Live video testimony from Pakistan planned for defense witnesses in Fla. terror support trial

MIAMI — Witnesses will testify live from Pakistan via video beamed to a federal courtroom as part of the defense case in the trial of a Muslim cleric accused of financially supporting the Pakistani Taliban.

 

U.S. District Judge Robert Scola approved the unusual testimony in the case of 77-year-old imam Hafiz Khan. The first five witnesses will be questioned beginning Feb. 11 at an Islamabad hotel, and jurors will watch on courtroom TV screens. Scola said Tuesday the arrangement is costing taxpayers about $130,000.

 

Khan is on trial for allegedly funneling at least $50,000 to the Pakistani Taliban, listed by the U.S. as a terrorist group linked to al-Qaida. Khan insists the money was for innocent purposes, and the Pakistani witnesses are expected to back that up. If convicted, Khan faces up to 15 years in prison on each of four counts.

 

Four of the witnesses that will begin testifying on Feb. 11 are alleged by prosecutors to be Taliban members or sympathizers, including Khan’s daughter Amina Khan.
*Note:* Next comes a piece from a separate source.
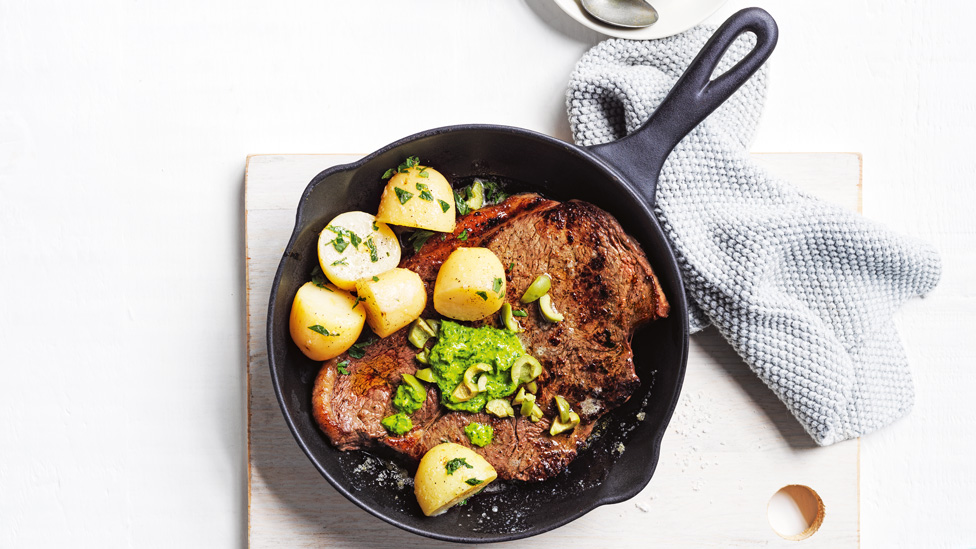 Pesto and olive steak served with potatoes in an iron skillet 
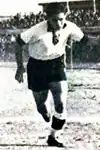 Camille Cordahi wearing a white Lebanese shirt with black shorts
She and two of the others are charged in the same U.S. case as their father, but Pakistan has refused to arrest them, federal prosecutors say.

 

“We have no information that’s going to happen,” Sullivan said.

 

Earlier, prosecutors dropped charges against one of Khan’s sons, and Scola earlier this month dismissed the case against a second son because of insufficient evidence. Trial of the elder Khan is expected to last through most of February.